- _WHAT TO PRODUCE_: Without the images, reproduce every entry exactly.
-- SOURCE INFORMATION follows --
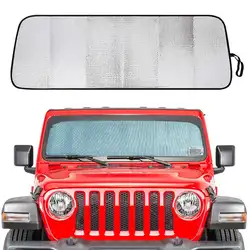 Защита от солнца на лобовое стекло, солнцезащитный экран, алюминиевая фольга солнцезащитный козырек коврик для 2018 2019 Jeep Wrangler JL JLU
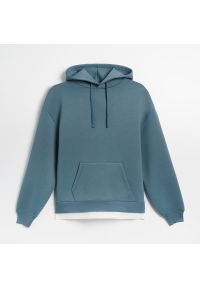 House - Gładka bluza z kapturem loose fit szałwiowa - Zielony. Typ kołnierza: kaptur. Kolor: zielony. Wzór: gładki #1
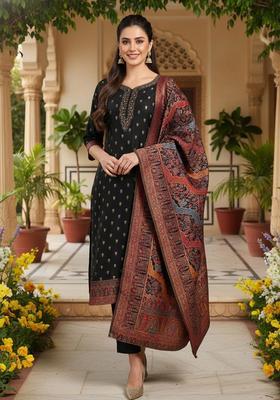 Black Woven Design Silk Blend Kurta Sets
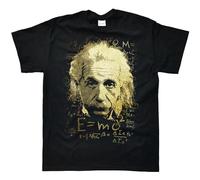 CRYSTAL&CLEAR Grossbull Men's Albert Einstein T Shirt Black Black L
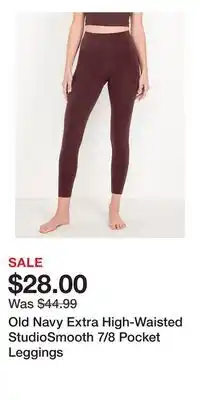 Old Navy Old Navy Extra High-Waisted StudioSmooth 7/8 Pocket Leggings offer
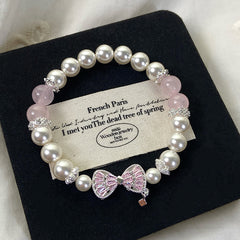 Aurora Blush™ Copper Pearl, Rose Quartz & CZ Bow Bracelet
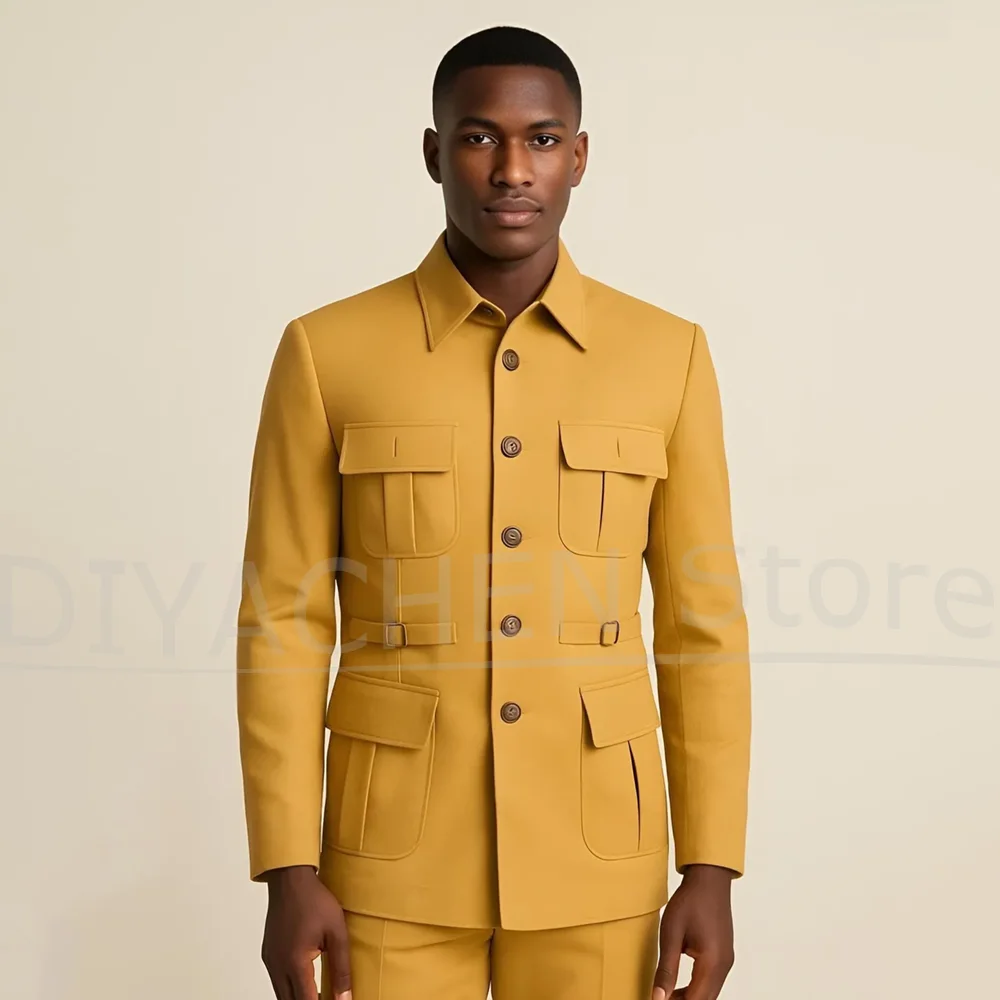 

Chic Men Suit 2 Piece Jacket Pants with Multi Pockets and Belt Details Fashion Formal Casual Business Wedding Party Tuxedo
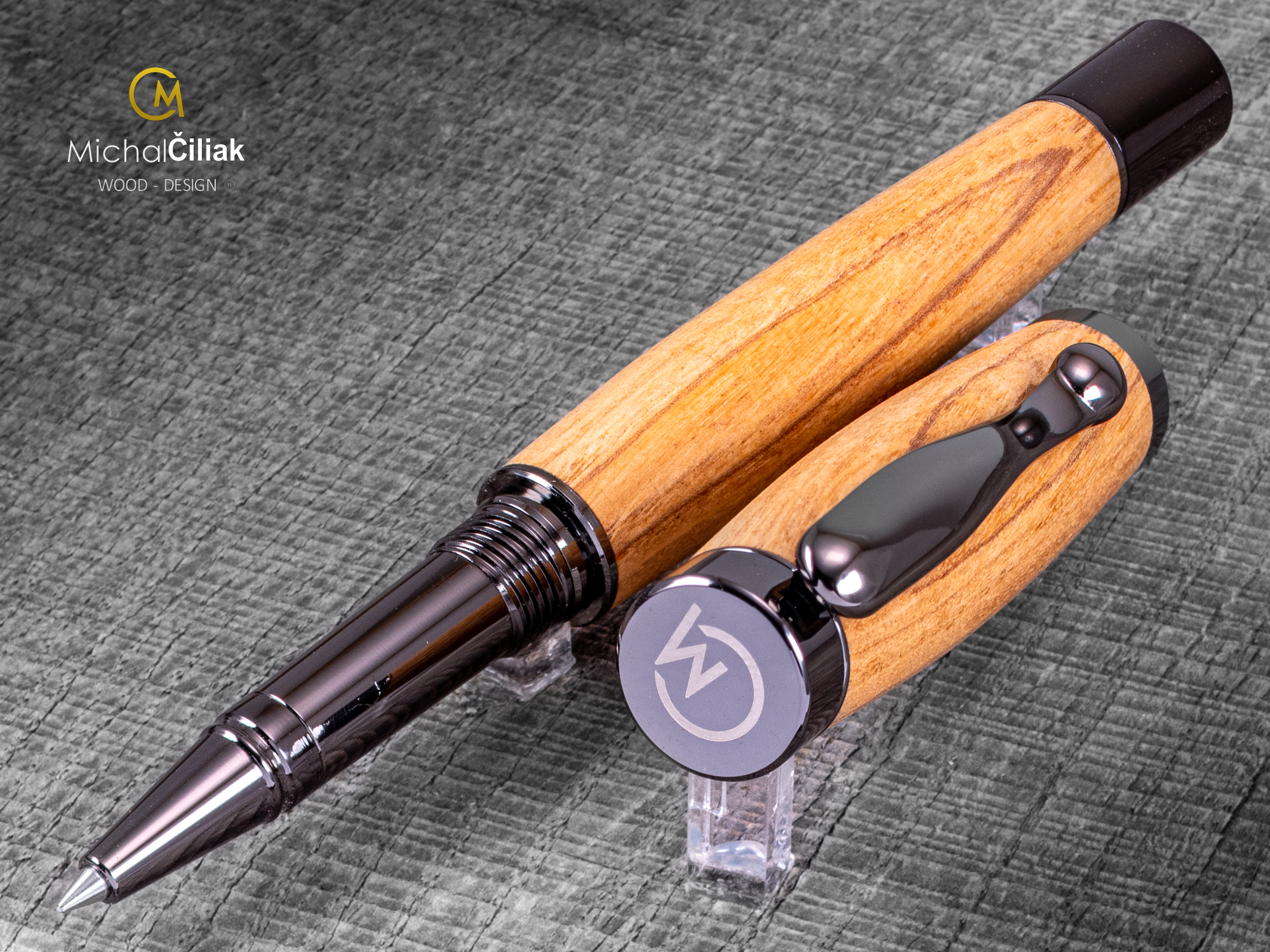 Dřevěné kuličkové pero Superior Jasan - Elegant gunmetal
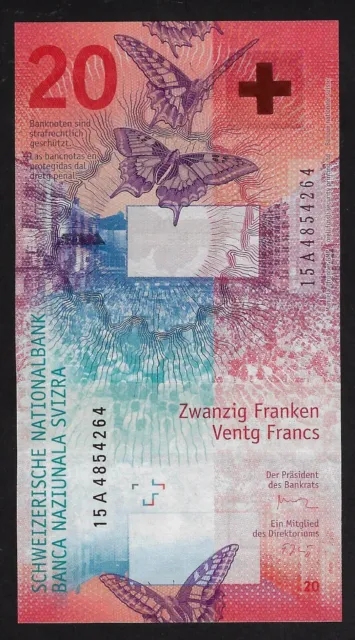 Switzerland  20  Francs 2015  Pik- 76  Prefix A Gem Unc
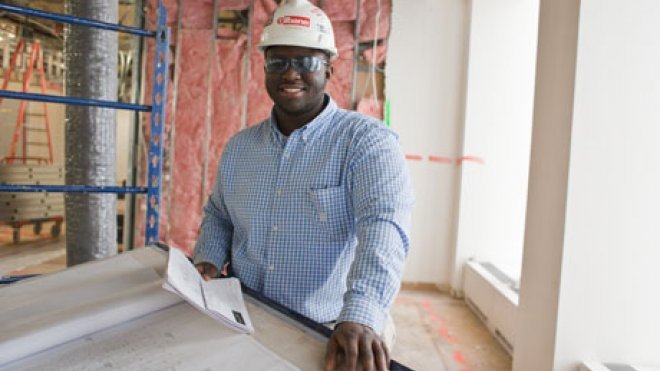 Student working inside construction site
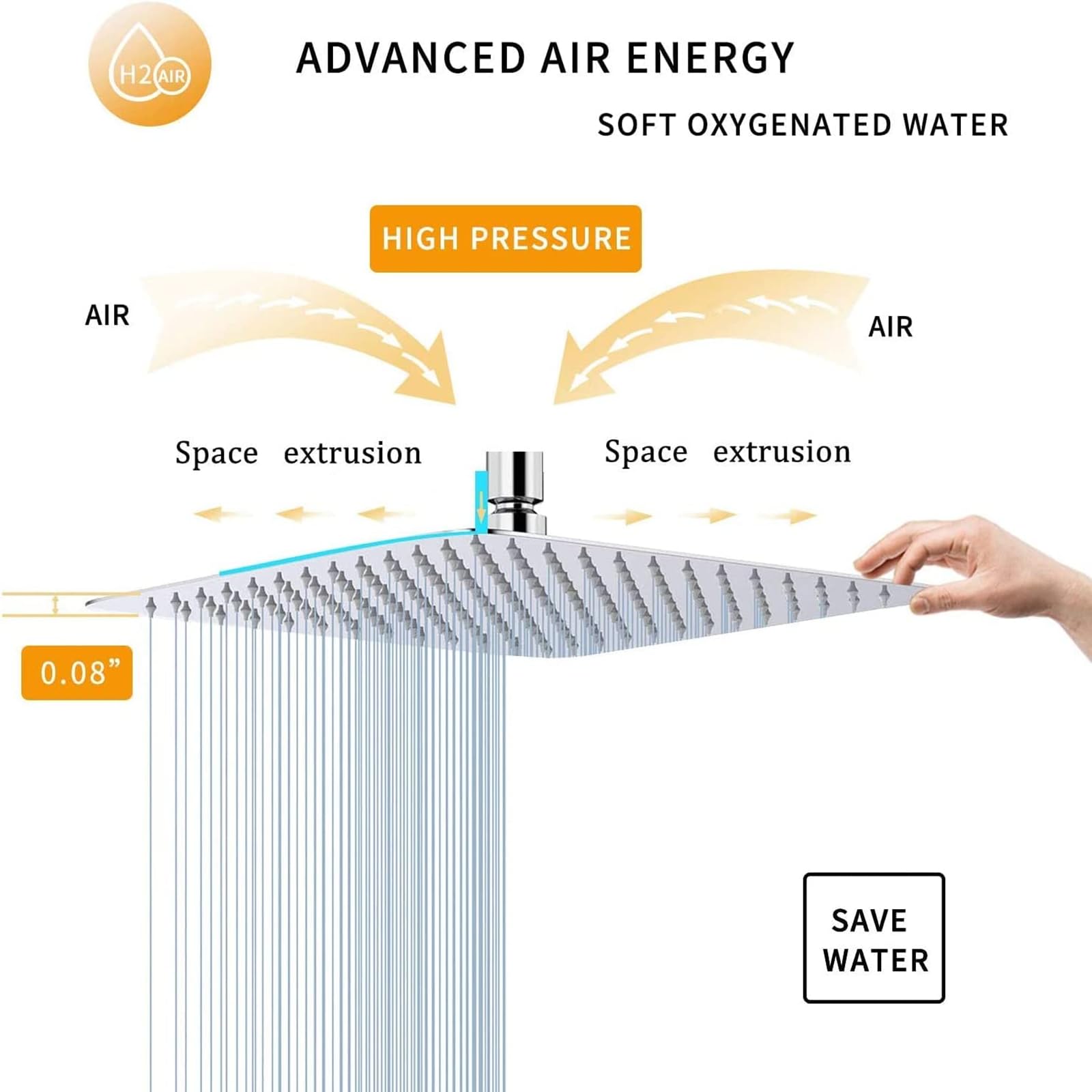 Sistema de Ducha TEKXDD Acero Inoxidable Alta Presión con Cabeza de Lluvia y Ducha de Mano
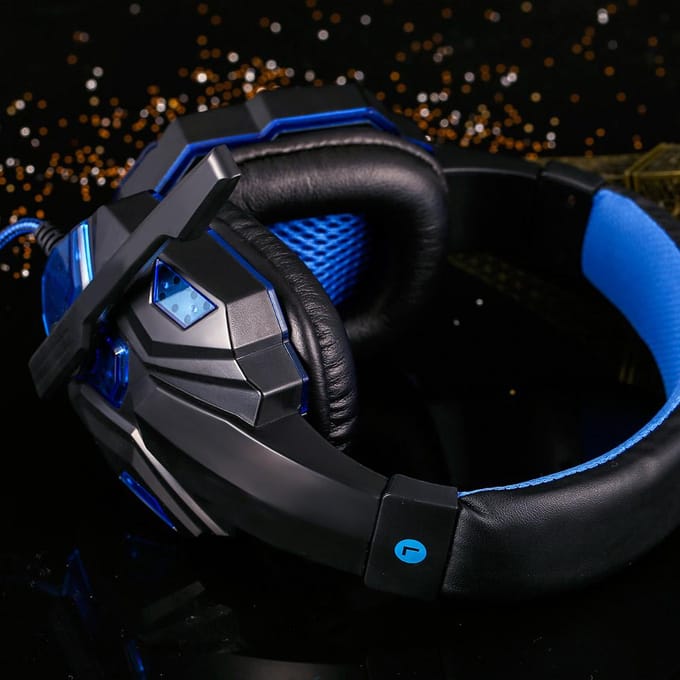 Gaming Headset Koptelefoon voor PC met Microfoon met USB 3.5mm Interface LED Volumeregeling blauw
-- SOURCE INFORMATION concluded --
- _ANSWER BOX_:
 Защита от солнца на лобовое стекло, солнцезащитный экран, алюминиевая фольга солнцезащитный козырек коврик для 2018 2019 Jeep Wrangler JL JLU
 House - Gładka bluza z kapturem loose fit szałwiowa - Zielony. Typ kołnierza: kaptur. Kolor: zielony. Wzór: gładki #1
 Black Woven Design Silk Blend Kurta Sets
 CRYSTAL&CLEAR Grossbull Men's Albert Einstein T Shirt Black Black L
 Old Navy Old Navy Extra High-Waisted StudioSmooth 7/8 Pocket Leggings offer
 Aurora Blush™ Copper Pearl, Rose Quartz & CZ Bow Bracelet

Chic Men Suit 2 Piece Jacket Pants with Multi Pockets and Belt Details Fashion Formal Casual Business Wedding Party Tuxedo
 Dřevěné kuličkové pero Superior Jasan - Elegant gunmetal
 Switzerland  20  Francs 2015  Pik- 76  Prefix A Gem Unc
 Student working inside construction site
 Sistema de Ducha TEKXDD Acero Inoxidable Alta Presión con Cabeza de Lluvia y Ducha de Mano
 Gaming Headset Koptelefoon voor PC met Microfoon met USB 3.5mm Interface LED Volumeregeling blauw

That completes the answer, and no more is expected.